I was 29 and had no strength, no mobility, I felt disconnected from myself and my lifestyle was leading me to an early death (sleeping an average of 3 hours per night, working 15 and eating desserts exclusively).

At the time he co-owned a Crossfit box in one of the new hip areas in London, the prices were prohibitive but I had decided to make a change and invest in my health and well-being. I started attending the 6 am classes, which meant I kept sacrificing sleep to be able to get my daily dose of movement, and I did that for a while: I got stronger fast, like all beginners do, and I got injured equally quickly. I used to be under the impression that rest was not necessary and that training was all about pushing harder every day, the way beginners mindset. It took many injuries and setbacks to rethink that belief.

One trait distinguished Stretch from all the other coaches in the gym: he was not ashamed to show vulnerability. There were things he was good at, yet he would spend a considerable amount of time practicing what he struggled at. He was the owner and head coach of a successful gym, and there he was kicking and falling out of handstands dozens of times,chasing tennis balls and face planting many times a day. I came from a family with a closed mindset who ingrained in me the idea that we should only focus on skills we are naturally talented for, that failure is shameful and that it’s always too late to start anything.

Stretch inspired me to change, to fail so I could succeed and to keep trying. One feature that distinguished the gym from most others was the quality of the programme design, and Stretch was in charge of that. The training phases would follow cycles, focus on different aspects of physical development and show progressions for beginners, intermediate and advanced athletes. I made astonishing gains following the classes and figured that if he could make me achieve that much with a general group programme he could help me much more designing a programme that was tailored around my specific strengths and weaknesses. One day I found the courage to walk up to him and say the unthinkable: “I want a muscle-up.” He said: “How about we get you one pull-up first?” It sounded good to me.

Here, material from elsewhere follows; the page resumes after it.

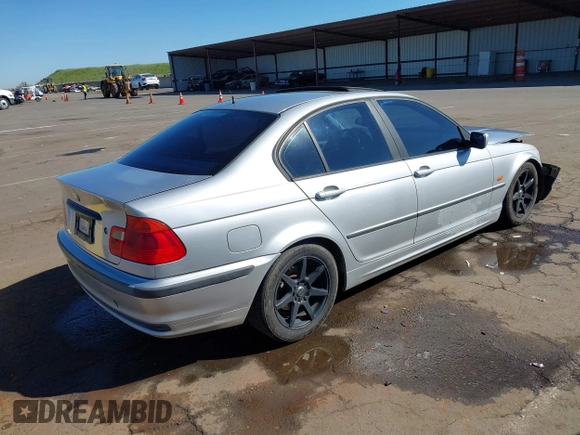 1999 BMW 3 Series 323i with VIN WBAAM3339XCD56164, listed as a IAAI auction lot 41867053 with 233,154 mi miles. Bid and sale history available at carsss.com. Image 4.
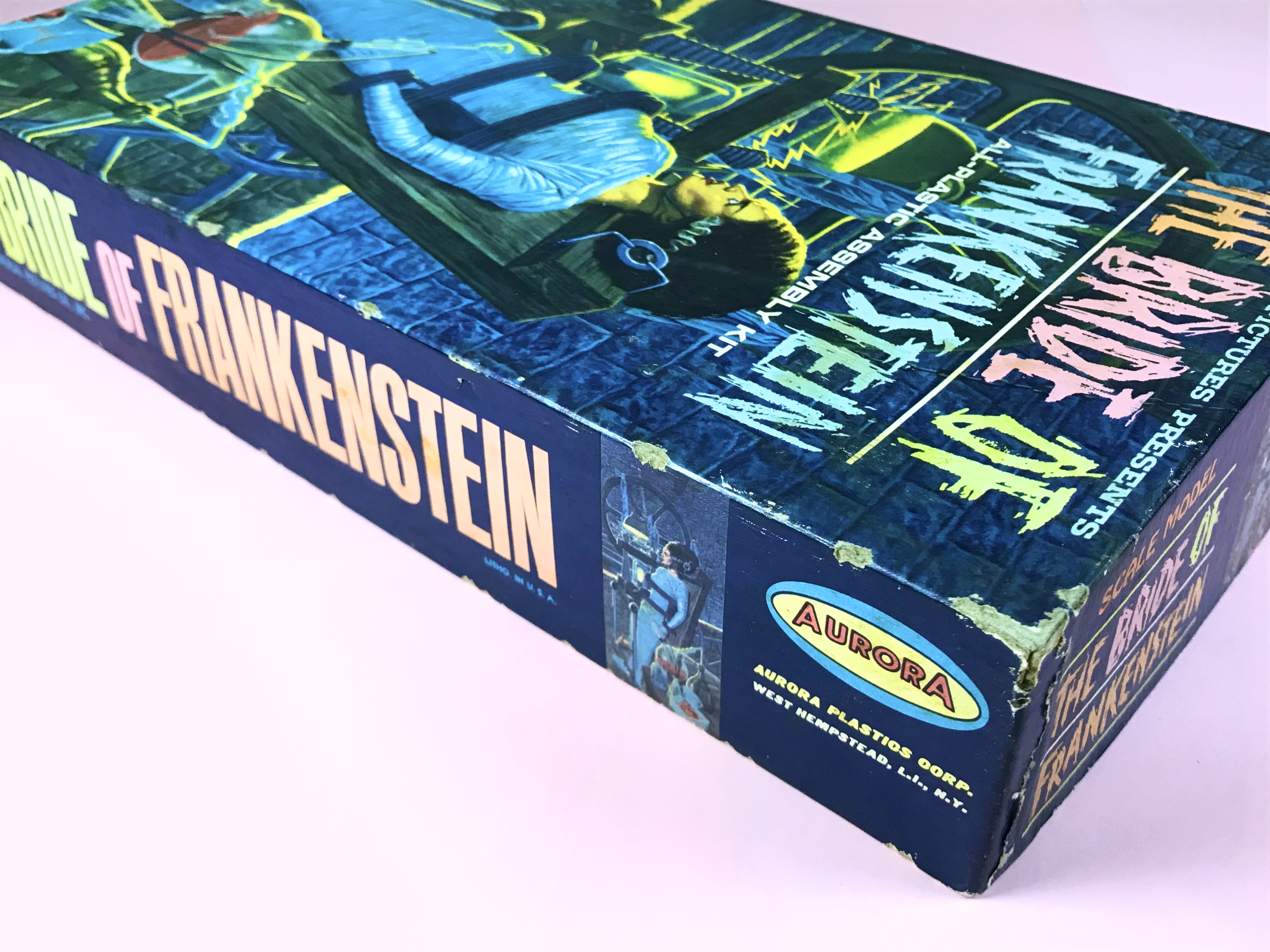 THE BRIDE OF FRANKENSTEIN - AURORA plastic assembly kit 1965 - 4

That’s how my journey began. I left group classes for ever and focused on my goals. Stretch gave me everything I ever wanted and everything I had never even dared dreaming of: rings routines and pike rope climbs, front splits and thoracic spine extension (probably the single most useful tool for everything gymnastic-related) and above all the possibility to change and improve. I have been training with him for years now, my journey has not been linear and I did get injured again and again. Stretch has been rehabbing me and making me stronger again, and he’s always been there for me, even after moving to the other side of the world.

Stretch is everything I could possibly look for in a coach: he’s knowledgeable, caring and passionate. I never had another coach so I couldn’t compare him to anybody else, but again I am so lucky that I found the very best on first attempt.